Step 1: In this first step, we will add the data for the scatter plot and create the default scatter plot graph. In this example, we are using the scatter plot to set a goal line for the overall bullet chart.bulletchart_step1

So, when we create the initial scatter plot, you’ll see that the x-coordinates are ‘80′ - this is my target. In this case, I happen to be charting the performance of the Homepage Retention Rate (1-Abandonment Rate) and I am shooting for 80%. I happen to be using whole numbers for simplicity’s sake but it could just as easily be percentages. Don’t worry about the vertical alignment of the line just yet, we can adjust it - if needed - later when we are closer to the completed graph. Notice that I haven’t removed any of the chart junk yet either, that will happen in a later step.

 

Step 2: Now we need to add the data for the horizontal stacks and the stacks themselves. We will have 3 bars (Top, Middle, Bottom) with 4 sections each.bulletchart_step2

When working with combination charts, adding the new data points and chart types can be tricky. In the screen shot to the left, we’re looking at the completed process, I’ve excluded the intermediary step of what the data looks like when we first add it.

In order to add the stack data to chart we first select the data from all four of the stack columns and copy it. Then we select the chart and use ‘Paste Special’ to paste the data as ‘New Series’ with ‘Values ‘Y’ in columns’. This will paste our stack data in as new scatters. We then select each of the stack series and change it’s chart type to ’stacked bar’.

Ok, now that we’ve talked about how to add the stacked data to the chart, let’s talk about the data itself. In the top row, the first data point is ‘50′ - this is our floor (minimum acceptable value). The second data point for the top row is always zero. We need this second stack element for visual handling on the center stack (see the little green block in the center bar) when it is less than our minimum.
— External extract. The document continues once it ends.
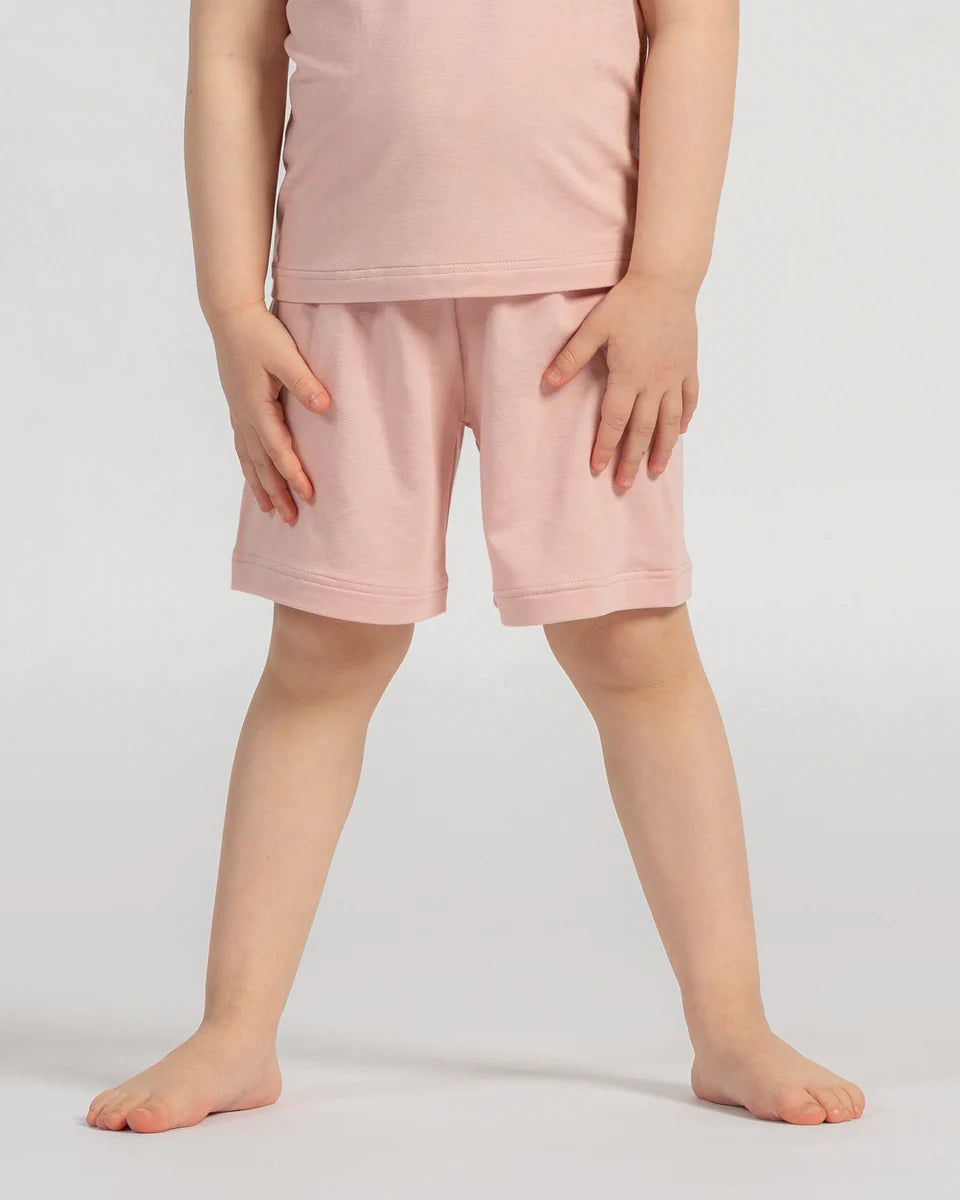Person wearing pink shorts on a plain background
Oh, I’m also not going into excruciating detail on the formulae used in the data set, they are fairly straight forward and you can take a look at them when you download the spreadsheet at the end of this post.

Step 3: This is easy, set the gap width on the bars to ‘0′ so that they are slammed up against each other.bulletchart_step3

 

 

 

 

 

Step 4: Time to take out the chart junk.bulletchart_step4

Remove the vertical axes, and the secondary horizontal axis.

Remove the horizontal lines.

Remove the legend.

Remove the plot edge lines

Set the scaling on the primary horizontal axis, set the axis-line to none as well as the major tick marks to none.

Step 5: Apply consistent and valuable color-coding to chart elements.bulletchart_step5

The blue stack becomes our representation of ‘Actual’ (e.g. the bullet). The background elements are encoded in shades of gray.

Up to 50% is nearly black - remember, this is our floor

From 50% to 75% is about 50% gray - this is our marginal performance section

And finally, from 75% to 100% is light gray (20%) for acceptable performance. I’ve also changed the target line to full black, it stands out nicely against both the light gray and the blue.

Step 6: Resize the chart.bulletchart_step6

So far, our chart hasn’t look much like a bullet chart has it? Well, that’s pretty simple to take care of. In this example, I’ve held the horizontal length the same but compressed the vertical height. Now we have something that very definitely is looking like a bullet chart.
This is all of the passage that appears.